◆ **Brief**
Nothing but an exact copy of the data should be given.

------ Records shown ------

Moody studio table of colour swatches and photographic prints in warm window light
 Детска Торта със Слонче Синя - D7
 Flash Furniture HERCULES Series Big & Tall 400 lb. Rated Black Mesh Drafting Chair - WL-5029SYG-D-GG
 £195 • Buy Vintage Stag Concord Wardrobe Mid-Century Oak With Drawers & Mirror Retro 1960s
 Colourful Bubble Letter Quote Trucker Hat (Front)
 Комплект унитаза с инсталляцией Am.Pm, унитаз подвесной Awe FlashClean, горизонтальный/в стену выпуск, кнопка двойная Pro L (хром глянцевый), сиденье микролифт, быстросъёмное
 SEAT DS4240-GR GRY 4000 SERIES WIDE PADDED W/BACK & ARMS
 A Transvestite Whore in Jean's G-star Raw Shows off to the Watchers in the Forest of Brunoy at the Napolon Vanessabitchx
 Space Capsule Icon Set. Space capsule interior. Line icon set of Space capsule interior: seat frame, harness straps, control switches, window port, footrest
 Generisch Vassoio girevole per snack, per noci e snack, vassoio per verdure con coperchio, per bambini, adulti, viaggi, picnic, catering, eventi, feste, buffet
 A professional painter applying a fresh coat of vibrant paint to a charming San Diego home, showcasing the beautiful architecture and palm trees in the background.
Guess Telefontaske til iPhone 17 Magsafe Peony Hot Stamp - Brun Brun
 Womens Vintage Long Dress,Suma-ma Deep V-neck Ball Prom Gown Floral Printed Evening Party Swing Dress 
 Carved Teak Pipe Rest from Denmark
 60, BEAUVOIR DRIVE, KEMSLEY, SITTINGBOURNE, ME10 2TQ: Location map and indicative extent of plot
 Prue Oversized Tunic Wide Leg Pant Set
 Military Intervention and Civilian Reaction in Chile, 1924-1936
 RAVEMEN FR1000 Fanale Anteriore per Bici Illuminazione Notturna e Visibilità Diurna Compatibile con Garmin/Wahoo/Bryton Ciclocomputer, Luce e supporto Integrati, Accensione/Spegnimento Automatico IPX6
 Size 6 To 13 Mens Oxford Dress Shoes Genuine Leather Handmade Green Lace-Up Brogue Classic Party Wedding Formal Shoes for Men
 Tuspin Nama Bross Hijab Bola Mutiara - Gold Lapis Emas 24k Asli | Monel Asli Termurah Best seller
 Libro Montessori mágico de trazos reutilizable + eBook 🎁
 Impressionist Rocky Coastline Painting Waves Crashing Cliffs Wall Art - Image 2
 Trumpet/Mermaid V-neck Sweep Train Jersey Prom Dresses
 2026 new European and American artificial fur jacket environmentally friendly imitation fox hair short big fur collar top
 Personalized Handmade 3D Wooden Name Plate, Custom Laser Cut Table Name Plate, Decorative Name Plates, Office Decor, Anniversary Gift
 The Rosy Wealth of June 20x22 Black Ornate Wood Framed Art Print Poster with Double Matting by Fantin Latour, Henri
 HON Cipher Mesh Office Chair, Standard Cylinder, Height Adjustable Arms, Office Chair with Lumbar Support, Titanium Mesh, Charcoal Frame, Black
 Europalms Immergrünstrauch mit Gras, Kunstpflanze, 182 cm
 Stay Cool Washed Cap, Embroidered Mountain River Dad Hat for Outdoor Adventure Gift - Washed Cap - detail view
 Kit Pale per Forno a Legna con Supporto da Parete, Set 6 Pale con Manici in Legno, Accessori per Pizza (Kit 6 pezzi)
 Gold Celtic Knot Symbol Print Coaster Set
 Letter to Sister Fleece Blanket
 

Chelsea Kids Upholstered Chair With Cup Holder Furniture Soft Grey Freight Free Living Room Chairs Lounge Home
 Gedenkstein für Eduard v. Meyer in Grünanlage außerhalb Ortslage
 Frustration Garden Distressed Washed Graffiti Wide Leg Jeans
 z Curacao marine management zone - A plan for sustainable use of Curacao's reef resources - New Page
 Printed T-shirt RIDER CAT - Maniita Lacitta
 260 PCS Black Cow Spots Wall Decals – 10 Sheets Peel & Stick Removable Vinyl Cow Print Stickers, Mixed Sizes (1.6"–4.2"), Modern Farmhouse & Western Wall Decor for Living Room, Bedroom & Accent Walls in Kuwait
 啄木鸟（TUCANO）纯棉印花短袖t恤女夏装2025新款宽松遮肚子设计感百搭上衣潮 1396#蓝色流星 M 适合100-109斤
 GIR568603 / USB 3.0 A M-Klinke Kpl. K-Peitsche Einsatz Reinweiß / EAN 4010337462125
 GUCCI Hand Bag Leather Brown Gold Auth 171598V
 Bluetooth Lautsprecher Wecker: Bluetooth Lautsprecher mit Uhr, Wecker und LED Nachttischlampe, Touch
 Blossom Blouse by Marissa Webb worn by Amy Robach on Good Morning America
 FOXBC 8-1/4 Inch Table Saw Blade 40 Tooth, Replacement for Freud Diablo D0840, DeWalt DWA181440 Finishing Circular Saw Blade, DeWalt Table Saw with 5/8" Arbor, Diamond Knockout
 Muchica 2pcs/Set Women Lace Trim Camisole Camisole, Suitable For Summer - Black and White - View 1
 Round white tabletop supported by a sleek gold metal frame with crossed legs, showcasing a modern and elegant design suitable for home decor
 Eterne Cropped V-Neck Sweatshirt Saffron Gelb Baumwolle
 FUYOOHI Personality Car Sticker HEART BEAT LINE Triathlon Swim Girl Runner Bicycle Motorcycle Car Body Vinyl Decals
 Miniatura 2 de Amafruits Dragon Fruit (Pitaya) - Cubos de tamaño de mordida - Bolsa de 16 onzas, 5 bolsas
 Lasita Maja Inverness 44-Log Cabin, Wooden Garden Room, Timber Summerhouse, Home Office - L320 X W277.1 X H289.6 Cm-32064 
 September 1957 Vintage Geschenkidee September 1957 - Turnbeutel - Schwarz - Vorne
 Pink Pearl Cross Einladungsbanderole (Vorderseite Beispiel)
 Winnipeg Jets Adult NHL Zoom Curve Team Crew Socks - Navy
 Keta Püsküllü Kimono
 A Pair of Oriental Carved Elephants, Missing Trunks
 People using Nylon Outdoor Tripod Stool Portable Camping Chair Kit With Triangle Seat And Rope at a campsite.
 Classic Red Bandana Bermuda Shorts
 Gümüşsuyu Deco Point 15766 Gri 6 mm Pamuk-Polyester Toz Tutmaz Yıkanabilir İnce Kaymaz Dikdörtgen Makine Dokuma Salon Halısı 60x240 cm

------

◆ **Output below**
Moody studio table of colour swatches and photographic prints in warm window light
 Детска Торта със Слонче Синя - D7
 Flash Furniture HERCULES Series Big & Tall 400 lb. Rated Black Mesh Drafting Chair - WL-5029SYG-D-GG
 £195 • Buy Vintage Stag Concord Wardrobe Mid-Century Oak With Drawers & Mirror Retro 1960s
 Colourful Bubble Letter Quote Trucker Hat (Front)
 Комплект унитаза с инсталляцией Am.Pm, унитаз подвесной Awe FlashClean, горизонтальный/в стену выпуск, кнопка двойная Pro L (хром глянцевый), сиденье микролифт, быстросъёмное
 SEAT DS4240-GR GRY 4000 SERIES WIDE PADDED W/BACK & ARMS
 A Transvestite Whore in Jean's G-star Raw Shows off to the Watchers in the Forest of Brunoy at the Napolon Vanessabitchx
 Space Capsule Icon Set. Space capsule interior. Line icon set of Space capsule interior: seat frame, harness straps, control switches, window port, footrest
 Generisch Vassoio girevole per snack, per noci e snack, vassoio per verdure con coperchio, per bambini, adulti, viaggi, picnic, catering, eventi, feste, buffet
 A professional painter applying a fresh coat of vibrant paint to a charming San Diego home, showcasing the beautiful architecture and palm trees in the background.
Guess Telefontaske til iPhone 17 Magsafe Peony Hot Stamp - Brun Brun
 Womens Vintage Long Dress,Suma-ma Deep V-neck Ball Prom Gown Floral Printed Evening Party Swing Dress 
 Carved Teak Pipe Rest from Denmark
 60, BEAUVOIR DRIVE, KEMSLEY, SITTINGBOURNE, ME10 2TQ: Location map and indicative extent of plot
 Prue Oversized Tunic Wide Leg Pant Set
 Military Intervention and Civilian Reaction in Chile, 1924-1936
 RAVEMEN FR1000 Fanale Anteriore per Bici Illuminazione Notturna e Visibilità Diurna Compatibile con Garmin/Wahoo/Bryton Ciclocomputer, Luce e supporto Integrati, Accensione/Spegnimento Automatico IPX6
 Size 6 To 13 Mens Oxford Dress Shoes Genuine Leather Handmade Green Lace-Up Brogue Classic Party Wedding Formal Shoes for Men
 Tuspin Nama Bross Hijab Bola Mutiara - Gold Lapis Emas 24k Asli | Monel Asli Termurah Best seller
 Libro Montessori mágico de trazos reutilizable + eBook 🎁
 Impressionist Rocky Coastline Painting Waves Crashing Cliffs Wall Art - Image 2
 Trumpet/Mermaid V-neck Sweep Train Jersey Prom Dresses
 2026 new European and American artificial fur jacket environmentally friendly imitation fox hair short big fur collar top
 Personalized Handmade 3D Wooden Name Plate, Custom Laser Cut Table Name Plate, Decorative Name Plates, Office Decor, Anniversary Gift
 The Rosy Wealth of June 20x22 Black Ornate Wood Framed Art Print Poster with Double Matting by Fantin Latour, Henri
 HON Cipher Mesh Office Chair, Standard Cylinder, Height Adjustable Arms, Office Chair with Lumbar Support, Titanium Mesh, Charcoal Frame, Black
 Europalms Immergrünstrauch mit Gras, Kunstpflanze, 182 cm
 Stay Cool Washed Cap, Embroidered Mountain River Dad Hat for Outdoor Adventure Gift - Washed Cap - detail view
 Kit Pale per Forno a Legna con Supporto da Parete, Set 6 Pale con Manici in Legno, Accessori per Pizza (Kit 6 pezzi)
 Gold Celtic Knot Symbol Print Coaster Set
 Letter to Sister Fleece Blanket
 

Chelsea Kids Upholstered Chair With Cup Holder Furniture Soft Grey Freight Free Living Room Chairs Lounge Home
 Gedenkstein für Eduard v. Meyer in Grünanlage außerhalb Ortslage
 Frustration Garden Distressed Washed Graffiti Wide Leg Jeans
 z Curacao marine management zone - A plan for sustainable use of Curacao's reef resources - New Page
 Printed T-shirt RIDER CAT - Maniita Lacitta
 260 PCS Black Cow Spots Wall Decals – 10 Sheets Peel & Stick Removable Vinyl Cow Print Stickers, Mixed Sizes (1.6"–4.2"), Modern Farmhouse & Western Wall Decor for Living Room, Bedroom & Accent Walls in Kuwait
 啄木鸟（TUCANO）纯棉印花短袖t恤女夏装2025新款宽松遮肚子设计感百搭上衣潮 1396#蓝色流星 M 适合100-109斤
 GIR568603 / USB 3.0 A M-Klinke Kpl. K-Peitsche Einsatz Reinweiß / EAN 4010337462125
 GUCCI Hand Bag Leather Brown Gold Auth 171598V
 Bluetooth Lautsprecher Wecker: Bluetooth Lautsprecher mit Uhr, Wecker und LED Nachttischlampe, Touch
 Blossom Blouse by Marissa Webb worn by Amy Robach on Good Morning America
 FOXBC 8-1/4 Inch Table Saw Blade 40 Tooth, Replacement for Freud Diablo D0840, DeWalt DWA181440 Finishing Circular Saw Blade, DeWalt Table Saw with 5/8" Arbor, Diamond Knockout
 Muchica 2pcs/Set Women Lace Trim Camisole Camisole, Suitable For Summer - Black and White - View 1
 Round white tabletop supported by a sleek gold metal frame with crossed legs, showcasing a modern and elegant design suitable for home decor
 Eterne Cropped V-Neck Sweatshirt Saffron Gelb Baumwolle
 FUYOOHI Personality Car Sticker HEART BEAT LINE Triathlon Swim Girl Runner Bicycle Motorcycle Car Body Vinyl Decals
 Miniatura 2 de Amafruits Dragon Fruit (Pitaya) - Cubos de tamaño de mordida - Bolsa de 16 onzas, 5 bolsas
 Lasita Maja Inverness 44-Log Cabin, Wooden Garden Room, Timber Summerhouse, Home Office - L320 X W277.1 X H289.6 Cm-32064 
 September 1957 Vintage Geschenkidee September 1957 - Turnbeutel - Schwarz - Vorne
 Pink Pearl Cross Einladungsbanderole (Vorderseite Beispiel)
 Winnipeg Jets Adult NHL Zoom Curve Team Crew Socks - Navy
 Keta Püsküllü Kimono
 A Pair of Oriental Carved Elephants, Missing Trunks
 People using Nylon Outdoor Tripod Stool Portable Camping Chair Kit With Triangle Seat And Rope at a campsite.
 Classic Red Bandana Bermuda Shorts
 Gümüşsuyu Deco Point 15766 Gri 6 mm Pamuk-Polyester Toz Tutmaz Yıkanabilir İnce Kaymaz Dikdörtgen Makine Dokuma Salon Halısı 60x240 cm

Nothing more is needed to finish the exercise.